# Women who find pregnant women gross and fear getting pregnant themselves



## Hurra (Sep 13, 2009)

I am wondering if certain women, who find pregnant women gross/disgusting and fear getting pregnant themselves, have low desire for sex with a partner for fear of getting pregnant. Not saying they would not have a sex drive, and maybe would rather do it solo, but rather avoid sex. Or at least this fear interferes with enjoying it. 

There is a phobia for this called Tocophobia, but I'm not necessarily talking about someone with that phobia but something close to it.


----------



## Anon Pink (Jan 17, 2013)

You are really reaching with this one....


----------



## Holland (Aug 20, 2012)

Everyone is different, I doubt you will discover some big revelation that will solve all your problems.

Personally I found pregnancy to be an awful time, don't go all gooey over babies and think pregnant women are anything but beautiful. I am a very HD woman so sorry your theory is incorrect here.


----------



## EleGirl (Dec 3, 2011)

I'm not sure if I've ever met a woman who thinks that pregnant women are gross.

I had a very bad pregnancy in which I could not keep anything down. Doc said it was because I had twins. Then the twins did not make it. So after that I feared getting pregnant. but the bad pregnancy took care of that. 

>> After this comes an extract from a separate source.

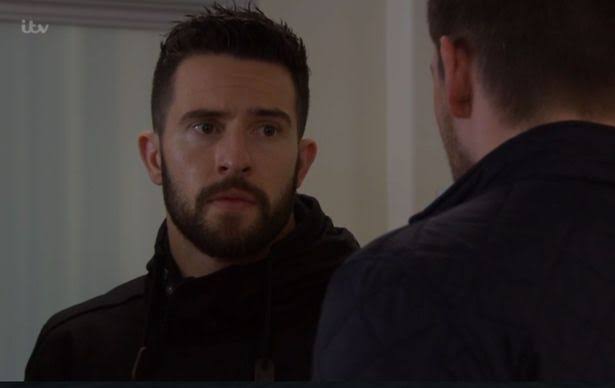 Emmerdale: Fans call for more Ross Barton scenes after 'hilarious'  one-liners and Pete bromance - OK! Magazine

I'm high drive and always have been. Fear of pregnancy never stopped me.


----------



## ellaenchanted (Sep 7, 2014)

I'm exactly like that, I don't want to have kids, I don't find pregnancy attractive and I'm scared of it but I'm very high drive. 
I don't know why I'm like this, I don't really like kids, I have never understood it and I don't think I ever will, I've been told I could change if I met somebody that I truly loved.


----------



## Anon Pink (Jan 17, 2013)

ellaenchanted said:


> I'm exactly like that, I don't want to have kids, I don't find pregnancy attractive and I'm scared of it but I'm very high drive.
> I don't know why I'm like this, I don't really like kids, I have never understood it and I don't think I ever will, I've been told I could change if I met somebody that I truly loved.


Anything is possible, but this is unlikely to change as a result of finding someone you love. 

Parenthood is not for everyone. Those of us with kids simply cannot imagine a life without our kids, and it is in that light people dismiss your feeling about parenthood as something likely to change. There is nothing wrong with not wanting to parent.


----------



## ellaenchanted (Sep 7, 2014)

Anon Pink said:


> Anything is possible, but this is unlikely to change as a result of finding someone you love.
> 
> 
> 
> Parenthood is not for everyone. Those of us with kids simply cannot imagine a life without our kids, and it is in that light people dismiss your feeling about parenthood as something likely to change. There is nothing wrong with not wanting to parent.



Thank you


----------